First, the neighborhoods in the sample were split into a saturation design group and a non-saturation design group based on neighborhood population estimates. Those with a current population from 50 to 200 households were assigned to the saturation design group. Those with a current population below 50 households or above 200 households were assigned to the non-saturation design group. As explained below, it was felt that the saturation design would not work well in either low population or high population neighborhoods.
The non-saturation design group of neighborhoods was randomly split into two schemes: non-saturation scheme 1 and non-saturation scheme 2. In a second stage of randomization, 67% of households in each non-saturation scheme 1 neighborhood were assigned to early treatment and 33% to late treatment. 33% of households in non-saturation scheme 2 neighborhoods were assigned to late treatment and 67% to control.
The saturation design group of neighborhoods was split into six schemes in the first stage of randomization. In saturation scheme 1 neighborhoods, all households were assigned to early treatment. In saturation scheme 6 neighborhoods, all households were assigned to control. In the second stage of randomization, 80% of households in each saturation scheme 2 neighborhood were assigned to early treatment and 20% to late treatment, 20% of households in each saturation scheme 3 neighborhood were assigned to early treatment and 80% to late treatment, 80% of households in each saturation scheme 4 neighborhood were assigned to late treatment and 20% of control, and 20% of households in each saturation scheme 5 neighborhood were assigned to late treatment and 80% to control.

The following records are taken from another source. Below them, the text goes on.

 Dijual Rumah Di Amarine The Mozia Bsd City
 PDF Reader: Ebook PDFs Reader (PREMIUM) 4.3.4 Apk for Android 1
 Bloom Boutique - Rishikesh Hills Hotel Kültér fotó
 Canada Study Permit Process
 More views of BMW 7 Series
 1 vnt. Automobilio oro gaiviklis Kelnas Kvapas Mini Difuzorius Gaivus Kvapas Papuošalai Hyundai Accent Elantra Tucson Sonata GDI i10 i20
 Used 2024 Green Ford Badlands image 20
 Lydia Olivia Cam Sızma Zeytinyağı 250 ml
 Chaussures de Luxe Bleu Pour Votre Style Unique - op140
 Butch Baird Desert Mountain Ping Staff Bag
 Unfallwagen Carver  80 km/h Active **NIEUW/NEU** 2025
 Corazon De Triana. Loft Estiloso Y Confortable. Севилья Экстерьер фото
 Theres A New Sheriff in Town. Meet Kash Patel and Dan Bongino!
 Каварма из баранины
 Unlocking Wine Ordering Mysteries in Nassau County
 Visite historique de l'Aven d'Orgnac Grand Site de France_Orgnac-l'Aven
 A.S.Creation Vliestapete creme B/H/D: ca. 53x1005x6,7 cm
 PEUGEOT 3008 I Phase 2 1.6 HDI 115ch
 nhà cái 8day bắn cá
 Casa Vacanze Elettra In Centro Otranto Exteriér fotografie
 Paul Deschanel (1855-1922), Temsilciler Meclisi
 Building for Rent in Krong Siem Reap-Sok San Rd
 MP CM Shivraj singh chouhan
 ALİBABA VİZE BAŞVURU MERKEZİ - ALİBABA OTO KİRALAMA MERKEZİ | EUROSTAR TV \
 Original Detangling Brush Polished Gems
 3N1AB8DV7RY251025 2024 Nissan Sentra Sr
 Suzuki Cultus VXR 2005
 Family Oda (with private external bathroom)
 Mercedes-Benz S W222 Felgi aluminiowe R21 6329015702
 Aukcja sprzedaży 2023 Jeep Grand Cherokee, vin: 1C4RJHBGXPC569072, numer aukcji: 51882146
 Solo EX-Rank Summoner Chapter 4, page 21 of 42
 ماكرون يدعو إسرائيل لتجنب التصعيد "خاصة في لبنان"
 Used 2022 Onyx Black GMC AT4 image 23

This decision to split neighborhoods into a saturation design group and a non-saturation design group was made based on estimated neighborhood eligibility rates, which we defined as the number of households in the sample from a given neighborhood over the estimated number of households living in that neighborhood. For us to gain insights into how our saturation design interacts with the community effects of the program, we need there to be a correlation between the variation in our imposed saturation rates in the sample and the saturation rates of the program in the population. Our concern was that high variation in eligibility rates across neighborhoods might have led to a breakdown of this correlation. That is, two neighborhoods with the same sample saturation rate but widely different eligibility rates will have two widely different population saturation rates, meaning our sample saturation rates would not be a good proxy of population saturation rates.
Therefore, we excluded neighborhoods with a small population from the saturation design since eligibility rates in those neighborhoods were much higher than average. Similarly, we excluded neighborhoods with a large population from the saturation design since eligibility rates in those neighborhoods were much lower than average. We did select neighborhoods with their current population within an interval around the mean to take part in the saturation design group since it is in those neighborhoods where the eligibility rates were restricted to a certain range.
When determining the different neighborhood schemes, our criteria were: ensuring a close to even split of the households in the total sample among the three treatment groups, having variation in the saturation rates, and having no neighborhood with some households assigned to the early treatment group and some households assigned to the control group. This third criterion was established to avoid potential political issues that may have arisen due to the large time difference at which different households in the same community would have been offered the program had we not prevented this kind of assignment.